Programmes in the later Eighties still contained tobacco adverts, with the ubiquitous government health warnings. But the Popplewell Inquiry following the Bradford fire highlighted the dangers of fans smoking in rickety wooden stands and, with stadiums being rebuilt and clubs targeting family audiences, smoking bans began to be mooted. As a new generation of health‑conscious coaches came to prominence, nicotine-stained footballers have been viewed with growing disgust. Before the 1998 World Cup, Glenn Hoddle was attacked by the anti-smoking lobby for refusing to clamp down on Paul Gascoigne’s habit, and even Alex Ferguson was forced to vigorously defend himself after permitting Fabien Barthez to puff away in private.
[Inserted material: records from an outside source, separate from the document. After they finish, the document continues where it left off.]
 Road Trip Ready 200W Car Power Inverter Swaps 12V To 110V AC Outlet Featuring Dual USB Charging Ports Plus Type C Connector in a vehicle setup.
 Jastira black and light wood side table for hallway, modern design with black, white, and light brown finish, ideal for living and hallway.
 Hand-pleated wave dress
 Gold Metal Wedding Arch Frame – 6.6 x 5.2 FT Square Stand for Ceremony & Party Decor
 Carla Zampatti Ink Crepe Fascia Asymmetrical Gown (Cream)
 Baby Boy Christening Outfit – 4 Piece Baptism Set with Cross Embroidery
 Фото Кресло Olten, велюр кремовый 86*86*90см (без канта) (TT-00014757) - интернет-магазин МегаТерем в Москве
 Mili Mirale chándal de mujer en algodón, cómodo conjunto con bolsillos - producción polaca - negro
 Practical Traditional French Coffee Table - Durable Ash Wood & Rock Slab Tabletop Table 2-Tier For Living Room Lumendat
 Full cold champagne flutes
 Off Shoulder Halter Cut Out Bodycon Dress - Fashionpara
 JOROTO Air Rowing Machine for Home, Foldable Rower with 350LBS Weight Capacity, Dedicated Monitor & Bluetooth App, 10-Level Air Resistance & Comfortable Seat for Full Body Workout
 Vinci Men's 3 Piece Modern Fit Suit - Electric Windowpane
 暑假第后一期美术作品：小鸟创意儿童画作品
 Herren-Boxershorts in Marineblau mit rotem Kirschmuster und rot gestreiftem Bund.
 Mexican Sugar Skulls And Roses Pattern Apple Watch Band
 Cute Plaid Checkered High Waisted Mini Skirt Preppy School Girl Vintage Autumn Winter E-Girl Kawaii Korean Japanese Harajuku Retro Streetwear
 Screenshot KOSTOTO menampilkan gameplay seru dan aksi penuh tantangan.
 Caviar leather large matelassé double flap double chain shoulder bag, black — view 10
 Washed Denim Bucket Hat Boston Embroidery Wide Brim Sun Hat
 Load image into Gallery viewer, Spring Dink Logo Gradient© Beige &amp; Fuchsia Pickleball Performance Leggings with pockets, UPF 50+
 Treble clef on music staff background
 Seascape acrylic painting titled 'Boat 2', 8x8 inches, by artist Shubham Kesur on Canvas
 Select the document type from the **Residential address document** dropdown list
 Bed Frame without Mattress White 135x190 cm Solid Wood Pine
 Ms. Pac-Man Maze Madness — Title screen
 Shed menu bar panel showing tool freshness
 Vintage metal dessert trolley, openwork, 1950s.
Joey Barton’s stubbing out of a cigar in a team-mate’s eye at Manchester City’s Christmas party symbolised the sheer irresponsibility of grotesquely wealthy Premiership stars.
Typically, Gazza rounded on “the health fascists”, claiming: “That’s the problem with football today. Players are expected to eat the same, drink the same and behave the same. They can’t do this, they can’t do that. No wonder they’re all becoming little robots.” With the majority of clubs having banned smoking in grounds long before the recent government legislation, the air is certainly far cleaner at games today. Yet with the atmosphere inside many spanking new stadiums depressingly sterile, you occasionally yearn for a wisp of fetid air to drift up your nostrils and stimulate the senses.